Recoverability in noisy quantum order finding for Shor's algorithm tracks the dominant verified mass fraction in the output distribution.

A machine-rendered reading of the paper's core claim, the machinery that carries it, and where it could break.

The paper analyzes 680 measured distributions from IBM quantum hardware to determine when continued-fraction post-processing still extracts the true order from noisy phase estimation results. It shows that success correlates with residual comb-like structure and the concentration of verified probability mass on correct candidate denominators. The dominant verified mass fraction stands out as the strongest single predictor, with tree-based models confirming it as the primary decision threshold. Some visibly noisy outputs succeed when one verified denominator captures most mass, while structured ones can fail if post-processing selects the wrong candidate. This matters because it identifies which noisy runs on present hardware can still produce correct results without additional error mitigation.

Core claim

We find that recoverability is strongly associated with residual comb-like structure in the measured distribution and the way verified probability mass is organized across candidate denominators. The dominant verified mass fraction is the strongest single-feature indicator of recoverability, and tree-based analysis shows it also provides the primary split in an interpretable threshold description. Some highly distorted distributions remain recoverable when one verified denominator dominates the post-processing mass, while some visibly structured distributions fail because classical post-processing favors an incorrect verified denominator.

What carries the argument

Dominant verified mass fraction extracted after continued-fraction expansion and modular verification of the measured probability distribution, which quantifies concentration on a single correct candidate and drives the classification of recoverability.

If this is right

  • Distributions that look heavily distorted can still yield the correct order when one verified denominator holds the majority of the post-processing mass.
  • Distributions with visible comb-like peaks can fail recovery if the classical step selects an incorrect verified denominator.
  • Single-feature AUROC scores rank dominant verified mass fraction highest, followed by autocorrelation and entropy measures.
  • An interpretable decision tree splits first on the dominant mass fraction and then on verified margin to label recoverable cases.

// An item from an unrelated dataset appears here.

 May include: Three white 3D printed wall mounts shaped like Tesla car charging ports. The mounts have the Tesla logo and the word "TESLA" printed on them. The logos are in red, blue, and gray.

Where Pith is reading between the lines

These are editorial extensions of the paper, not claims the author makes directly.

  • Real-time computation of the dominant mass fraction during execution could let hardware discard low-value shots before full post-processing.
  • The same feature analysis might apply to other quantum algorithms that rely on continued-fraction extraction from phase estimation.
  • Hardware-specific calibration of the mass-fraction threshold could improve yield without changing the quantum circuit itself.
  • Testing whether the feature ranking persists on superconducting versus trapped-ion platforms would clarify hardware dependence.

Load-bearing premise

The analysis assumes that continued-fraction expansion with modular verification is the only post-processing method considered and that the 680 collected distributions represent typical noisy order-finding instances from actual Shor's runs.

What would settle it

Generate new sets of noisy order-finding distributions on the same hardware with varying circuit depths and noise levels, then measure how accurately the dominant verified mass fraction threshold predicts actual recovery success rates.

Figures

Figures reproduced from arXiv: 2605.16074 by Qingxin Yang, Stefano Markidis.

Figure 1
Figure 1. Figure 1: Top: Recoverability despite weak global histogram structure. Although the measured distribution is diffuse and the [PITH_FULL_IMAGE:figures/full_fig_p002_1.png] view at source ↗
Figure 2
Figure 2. Figure 2: Residual structure and recoverability. Each point [PITH_FULL_IMAGE:figures/full_fig_p004_2.png] view at source ↗
Figure 3
Figure 3. Figure 3: Distribution of four features by recoverability. The [PITH_FULL_IMAGE:figures/full_fig_p005_3.png] view at source ↗
Figure 4
Figure 4. Figure 4: Decision tree classifier for predicting recoverability. Internal nodes show split rules based on [PITH_FULL_IMAGE:figures/full_fig_p007_4.png] view at source ↗
Figure 5
Figure 5. Figure 5: Permutation importance from a random-forest clas [PITH_FULL_IMAGE:figures/full_fig_p007_5.png] view at source ↗
read the original abstract

Order finding is the core subroutine of Shor's algorithm. On NISQ hardware, phase estimation output distributions are often distorted by noise, making correct order recovery difficult. We study recoverability in noisy order finding: given a measured precision-register distribution, when does standard classical post-processing still return the true order? We analyze 680 distributions from IBM quantum systems across problem instances and circuit settings. For each distribution, we apply continued-fraction post-processing with modular verification and define recoverability as whether the recovered order equals the true one. We characterize each distribution using four features: autocorrelation peak strength, normalized entropy, dominant verified mass fraction, and verified margin fraction. We evaluate these quantities using marginal feature comparisons, single-feature AUROC analysis, and multivariate tree-based classifiers. We use random-forest permutation importance to assess which quantities contribute distinct predictive information once the other features are known. To make classification behavior interpretable, we train a decision tree that exposes threshold rules for recoverable and non-recoverable distributions. We find that recoverability is strongly associated with residual comb-like structure in the measured distribution and the way verified probability mass is organized across candidate denominators. The dominant verified mass fraction is the strongest single-feature indicator of recoverability, and tree-based analysis shows it also provides the primary split in an interpretable threshold description. Some highly distorted distributions remain recoverable when one verified denominator dominates the post-processing mass, while some visibly structured distributions fail because classical post-processing favors an incorrect verified denominator.

Editorial analysis

A structured set of objections, weighed in public.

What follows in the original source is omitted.